▶ TASK BRIEF: With the line containing "The artist tattooing, in black and white" as the first line and the last line of the records as the final one, reproduce that range exactly.

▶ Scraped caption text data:
***

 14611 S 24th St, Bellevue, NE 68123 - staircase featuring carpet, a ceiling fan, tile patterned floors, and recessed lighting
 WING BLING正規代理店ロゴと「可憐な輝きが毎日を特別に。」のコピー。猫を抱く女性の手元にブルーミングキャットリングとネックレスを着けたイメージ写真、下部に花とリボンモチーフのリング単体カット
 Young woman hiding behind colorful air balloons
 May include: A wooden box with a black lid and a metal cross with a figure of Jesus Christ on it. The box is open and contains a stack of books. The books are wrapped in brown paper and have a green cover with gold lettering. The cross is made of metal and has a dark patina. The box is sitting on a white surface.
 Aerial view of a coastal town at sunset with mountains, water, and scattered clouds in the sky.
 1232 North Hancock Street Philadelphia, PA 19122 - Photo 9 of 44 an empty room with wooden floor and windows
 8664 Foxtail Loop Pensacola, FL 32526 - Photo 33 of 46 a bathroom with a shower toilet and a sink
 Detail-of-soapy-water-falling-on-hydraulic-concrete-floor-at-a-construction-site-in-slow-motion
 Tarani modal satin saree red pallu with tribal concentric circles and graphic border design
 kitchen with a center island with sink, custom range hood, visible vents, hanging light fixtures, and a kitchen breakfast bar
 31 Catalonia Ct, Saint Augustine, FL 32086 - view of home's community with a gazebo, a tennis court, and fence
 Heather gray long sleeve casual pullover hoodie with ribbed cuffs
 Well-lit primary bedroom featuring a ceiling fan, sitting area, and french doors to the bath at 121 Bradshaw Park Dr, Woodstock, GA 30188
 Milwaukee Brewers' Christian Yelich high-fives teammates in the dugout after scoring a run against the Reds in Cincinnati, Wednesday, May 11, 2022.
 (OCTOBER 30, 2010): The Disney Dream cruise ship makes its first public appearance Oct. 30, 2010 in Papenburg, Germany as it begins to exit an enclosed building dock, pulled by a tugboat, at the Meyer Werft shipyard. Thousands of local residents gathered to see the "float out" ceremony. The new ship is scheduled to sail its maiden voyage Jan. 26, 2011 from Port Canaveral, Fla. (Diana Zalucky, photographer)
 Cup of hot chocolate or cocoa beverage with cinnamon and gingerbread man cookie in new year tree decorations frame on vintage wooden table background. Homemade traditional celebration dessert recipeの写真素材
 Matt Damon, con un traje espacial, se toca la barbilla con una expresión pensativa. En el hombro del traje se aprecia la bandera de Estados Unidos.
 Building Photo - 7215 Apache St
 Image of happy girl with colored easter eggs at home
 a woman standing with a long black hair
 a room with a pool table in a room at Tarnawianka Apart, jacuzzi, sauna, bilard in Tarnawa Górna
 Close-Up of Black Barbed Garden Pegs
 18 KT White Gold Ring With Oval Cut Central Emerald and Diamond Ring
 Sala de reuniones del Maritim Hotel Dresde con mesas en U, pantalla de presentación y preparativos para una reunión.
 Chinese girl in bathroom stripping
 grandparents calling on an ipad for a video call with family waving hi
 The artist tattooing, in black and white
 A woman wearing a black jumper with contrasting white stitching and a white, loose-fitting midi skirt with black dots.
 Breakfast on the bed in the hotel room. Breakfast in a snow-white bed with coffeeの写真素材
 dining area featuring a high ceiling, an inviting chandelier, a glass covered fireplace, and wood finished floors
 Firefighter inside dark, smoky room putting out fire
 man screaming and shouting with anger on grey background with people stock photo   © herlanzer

***

▶ EXERCISE ANSWER:
 The artist tattooing, in black and white
 A woman wearing a black jumper with contrasting white stitching and a white, loose-fitting midi skirt with black dots.
 Breakfast on the bed in the hotel room. Breakfast in a snow-white bed with coffeeの写真素材
 dining area featuring a high ceiling, an inviting chandelier, a glass covered fireplace, and wood finished floors
 Firefighter inside dark, smoky room putting out fire
 man screaming and shouting with anger on grey background with people stock photo   © herlanzer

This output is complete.